Acknowledging the breadth of sources, from the internet to community groups, that youth may be exposed to is necessary to enhance efforts in preventing tobacco use26,27. Digital media sources are more appealing and impactful to youth than traditional marketing15. Platforms like Twitter allow youth to engage with tobacco companies or others who are curious about or use tobacco products, and these interactions may lead to an additional public health burden15,29. Prioritizing anti-tobacco messages through channels such as digital media may limit tobacco market engagement; thus, curbing tobacco consumption among youth. In contrast to digital media, which may have a wide audience, more personalized communication contexts, such as interactions with FF and social groups, allow for the development of trust and thus may be influential. For example, in our study, receiving conventional tobacco-related and e-cigarette-related information from FF was related to more tobacco use by male and female Appalachian youth. Additional investigations by sociodemographic factors, such as race/ethnicity and socioeconomic status, may be useful in identifying the salience of specific communication channels, especially for vulnerable groups most at risk for tobacco use and its associated harms, and devising and delivering tobacco-prevention messaging for these groups.

Despite high Appalachian youth tobacco use rates, few studies have examined patterns of use and associated factors. One study, using data collected in the Central Appalachian region in 2015–2016, reported that over 10% of middle schoolers had used alternative tobacco products, such as hookah and cigarillos30. Another, using data from 2016 in the same region, found that e-cigarettes were the most commonly used product among high schoolers and that many e-cigarette users also consumed one or more additional tobacco products31. The dearth of studies in this high-use region illustrates the need for additional inquiry with these at-risk youth as well as increased preventative action, especially as new tobacco products, new communication modalities, and new approaches of marketing to youth gain traction.

Limitations

The study has some limitations. First, because participants self-reported information, there is the possibility of associated biases (e.g. recall). Second, not all tobacco products were examined; thus, the experiences of some tobacco users (e.g. hookah, cigar/cigarillo) are not reflected. Third, due to its cross-sectional nature, temporality between the primary exposures and outcome cannot be established. Fourth, our analysis included both ever and current tobacco users, and future work might benefit from separating these groups to gain insights into each use pattern, including differences in experimental and established use. Fifth, since data collection, the tobacco product landscape has experienced changes (e.g. new product options) and the array of communication modalities used by youth have expanded (e.g. TikTok); thus, future research is needed to examine potential shifts in Appalachian youth tobacco and communication channel use across time.

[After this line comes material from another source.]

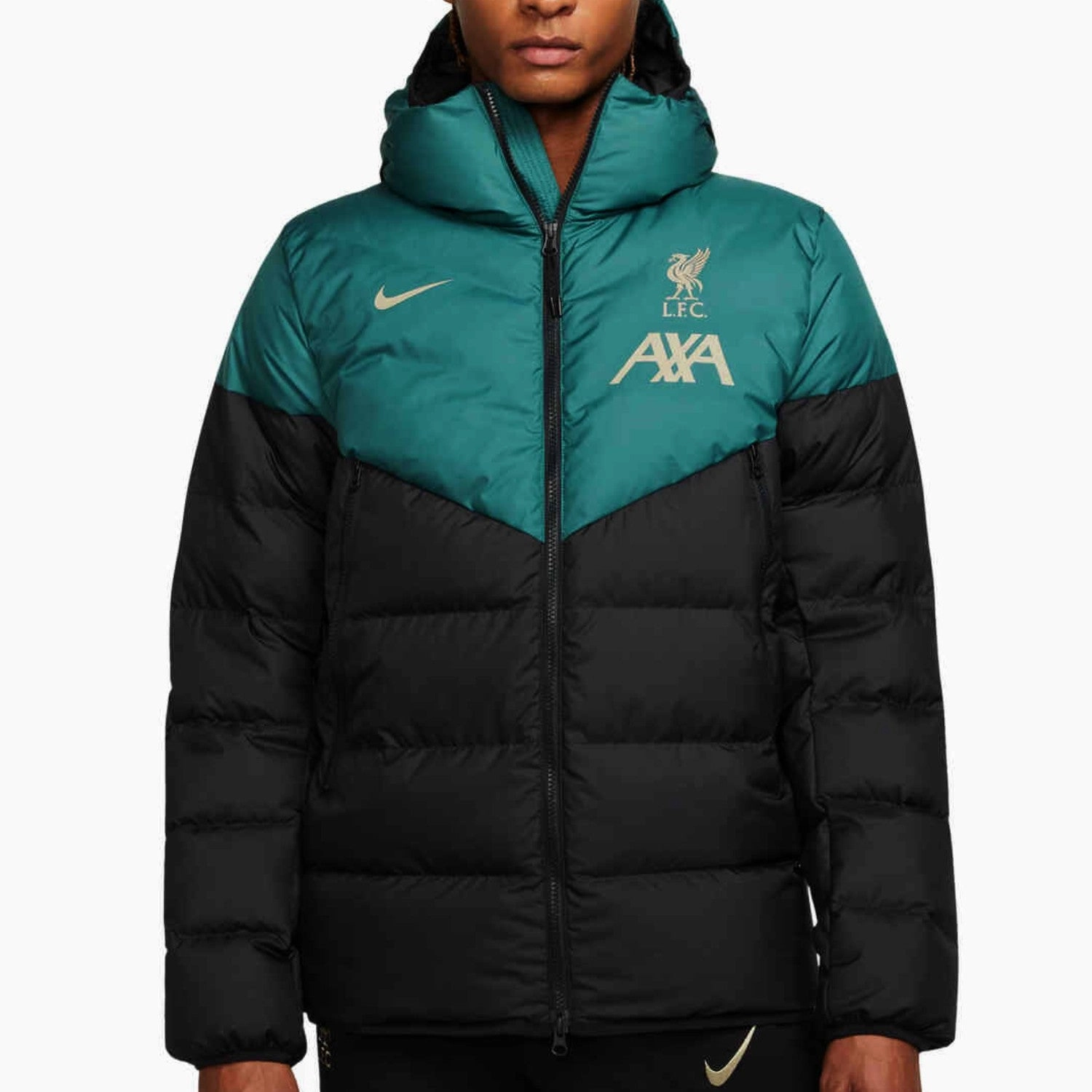 Minimal Bounce Design HighCompression Liverpool FC soccer training down padded jacket 2022 - Nike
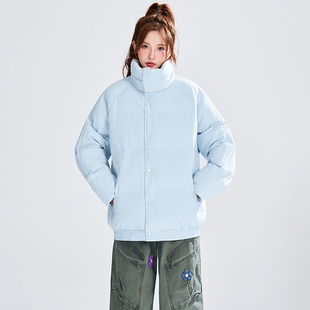 韩系立领短款 宽松百搭保暖棉衣外套小个子人棉夹克外套 棉服女冬季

Despite these limitations, our study provides evidence that tobacco use is associated with receiving and sharing tobacco-related information via certain communication channels and that these associations differ by sex.

CONCLUSIONS

Approximately one-third of Appalachian youth (33.8%) used one or more of the following tobacco products: cigarettes, smokeless tobacco, and e-cigarettes. More males than females used tobacco (54.4% vs 45.6%). Tobacco use was associated with increased odds of receiving e-cigaretterelated information from and sharing conventional tobaccorelated and e-cigarette-related information with friends and family. These associations were more profound among females, who also had higher odds of receiving e-cigaretterelated information via public displays and digital media. Our findings inform public health professionals that certain communication channels may be more salient to youth overall and influenced by important sociodemographic characteristics such as sex. Also, given these sex differences, health communication campaigns may need to devote additional attention to the ways in which youth use varying communication channels to ensure that messaging is likely to reach its intended audience(s).